I learned that Nik had grown up in a rural mountain town in Albania and had come of age right as Communism was collapsing in the Balkans. Aside from corrupt government patronage posts and the local mafia, there wasn’t much opportunity for young men, so Nik began crossing into Greece to look for whatever work might be available down there. 

He told stories about mountain crossings at night in winter, almost freezing to death, getting stiffed by employers and getting kicked out of Greece multiple times because he had no legal right to work there. 

Eventually Nik saved enough money to obtain a visa and come to the US, where he joined family members and other Albanians who had already immigrated and settled in Elmwood Park. There they filled in homes and storefronts that had once been the stomping ground of Italian immigrants, like the ones whose trips across the Atlantic are part of the reason why I am here today. 

I can clearly recall childhood conversations with my own immigrant grandparents from Italy and Ireland and I remember being more or less spellbound listening to them talk about the ups and downs of life in the “old country.” At a young, impressionable age, I came to understand how their real life immigrant experiences helped forge in them an unshakable, non-negotiable love for America. 

I heard something similar in Nik’s stories about leaving Albania and coming to America, so I enjoyed listening to them.

At some point, Nik felt comfortable enough to break out a bottle of his homemade grappa and so my monthly haircuts became a sort of bizarre day spa ritual that included shots of grappa, some sort of snacks like peanuts or pretzels and discussions about life, work and the world.

It got to where he would always schedule my haircut for the end of the day so he could turn off the spinning barber pole, close up shop and relax with a couple of belts of Albanian moonshine while shooting the breeze.

I learned that Nik got married to an American girl, had a daughter, bought a little brick house and fixed it up. And when he wasn’t cutting whatever is left of old men’s hair, he was laboring on construction sites or driving for Uber and Lyft and DoorDash.
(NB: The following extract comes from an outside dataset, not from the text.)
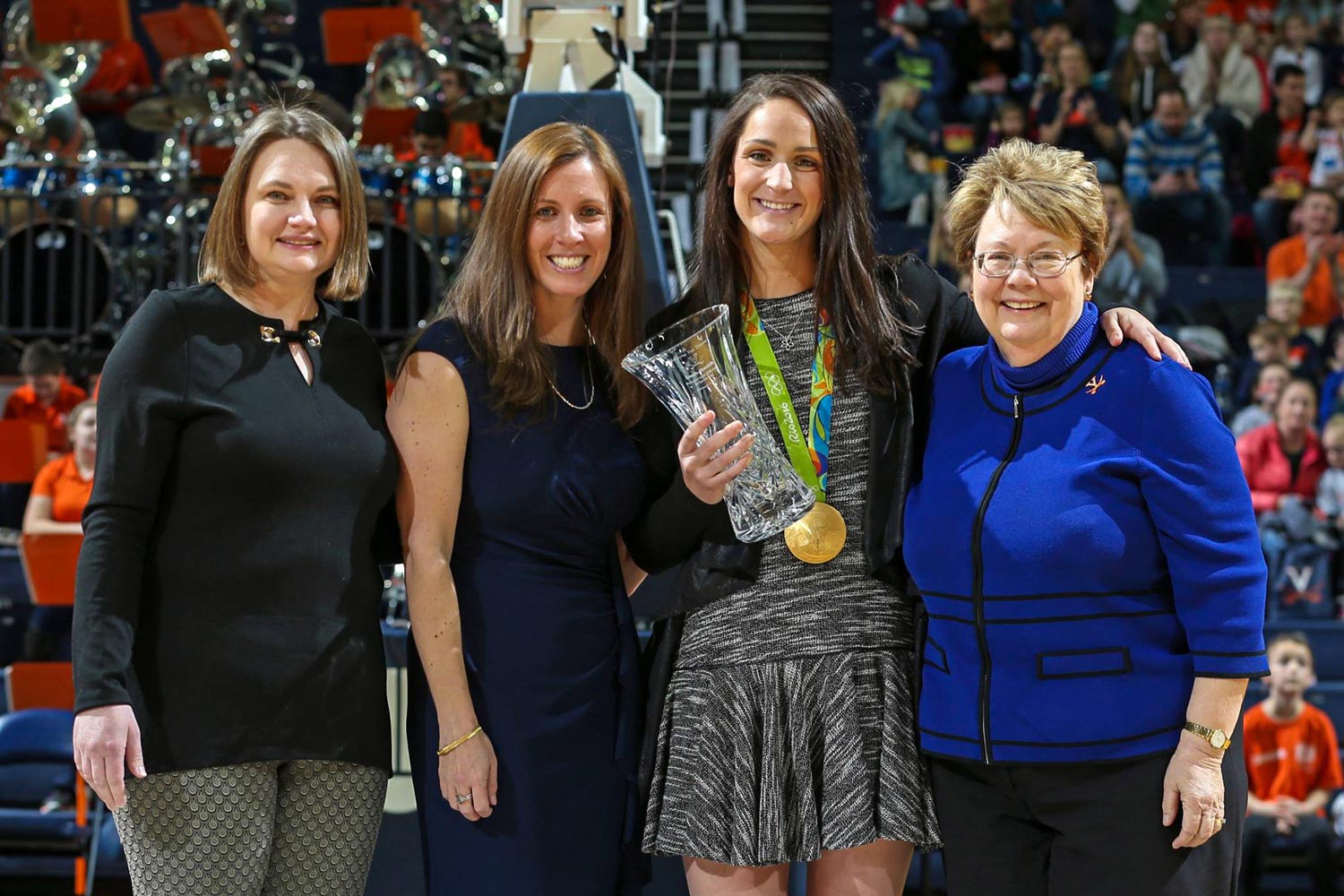 Gold medalist Leah Smith, center, was honored at the National Girls and Women in Sports event in February, with, from left, Women’s Center Director Abigail Palko, Valerie Richardson of Athletics and UVA President Teresa A. Sullivan. (Photo by Matt Riley)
Much like the immigrant ancestors who deposited my bloodline on these shores in the Twentieth Century, the man was a working man, cobbling together his own version of the American Dream, one day at a time.

Having willfully fled a society trampled by Communism and the chaos of its collapse, he would often say about people born here, especially young people, “they have no idea how great this place is.”

I don’t know if it was the haircut or the booze or all the philosophizing, but there was never a time I left that weird little temple not feeling better than when I walked in.

I suppose I always assumed Nik had gone through the legal steps to secure U.S. citizenship, or at least legal residence.

He has family members here who did. 

But in fact, he did not. 

As it turns out, the visa that granted Nik entry into the country in 2005 was fraudulent. He was essentially labor-trafficked into the U.S. by Albanian hustlers who took his money and vanished. All of this finally came out at his rubber stamp hearing in Indiana. 

He had been ordered to leave the country before, but never complied, and thus the men who sit in judgment of all wrong chose to declare him a “criminal illegal alien” and eject him from the Land of the Free.

Despite the official government label, there is no evidence of any behavioral demerit, not even so much as a traffic ticket to weigh on the scales against Nik’s 20-year contribution of labor and tax revenue to the great American enterprise.

But in the end, the legality of this particular expulsion is not in question. 

There is however, the fact that much of history and the drama that erupts from it, is about the yawning, eternal gap between what is legal and what is just. 

My own Catholic education informs me and anyone else who didn’t sleep through Catechism that our Lord and Savior Jesus Christ was put to death by a completely legal “judicial” process.

So take one last good look at this face.

This is not, in any meaningful way, a “criminal.” 

This is Nik the Barber. 

Albanian by birth, American in spirit.